MTH/CS 717 Winter 2003
Teacher: Thomas P. Svobodny
241 MM 775-2379
thomas.svobodny@wright.edu
Office Hours: 1630-17:30 T Th
You don't need an appointment to see me during office hours; but it is safer to make an appointment if you want to see me at other times.
Math Dept Office: 120MM 775 2785
Main Text: Numerical Methods for Differential Equations by M. A. Celia and W. G. Gray
Auxiliary Texts: Numerical Mathematics by Quarteroni, Sacco, and Salieri; Computational Gasdynamics by Franey; Numerical Solution of Partial Differential Equations by Morton and Mayers.
Further material, including suggested reading, will be available on the Web.

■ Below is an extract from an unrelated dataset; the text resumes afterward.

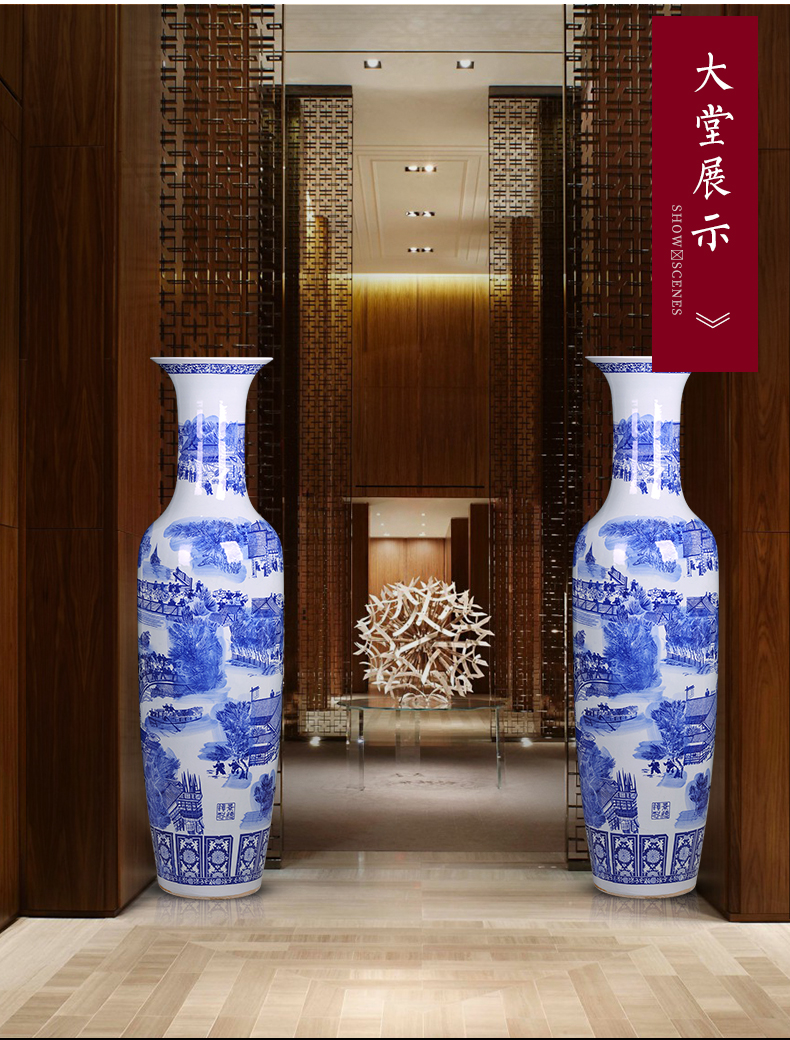 Jingdezhen blue and white porcelain ceramic vase qingming scroll furnishing articles extra large open living room floor decoration restoring ancient ways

Evaluation: Midterm Exam 25%
Final Project 35%
Homework 40%
Web Page: http://www.math.wright.edu/ms/appliedmath/numericanal2.html
Course Content: An introduction to the mathematical analysis of computational techniques for treating scientific problems. The computer has enabled the fast (approximate) solution to many important problems; buth there are problems in science and technology for which suitable approximate solutions await either more massive computing power or better analysis and algorithms. Our main concern in this course is the approximate solution to initial value problems and boundary value problems for differential equations; that is, representing solutions by finite (in number and complexity) computer generated functions. This involves using techniques to approximate continuous functions with finite dimensional vectors. The original problem is reduced to solving equations in finite-dimensional spaces. Our procedure will be to introduce only the amount of complexity in the equations that is necessary to illuminate the features of current study. Thus, we start with the simplest methods to solve ordinatry differential equations.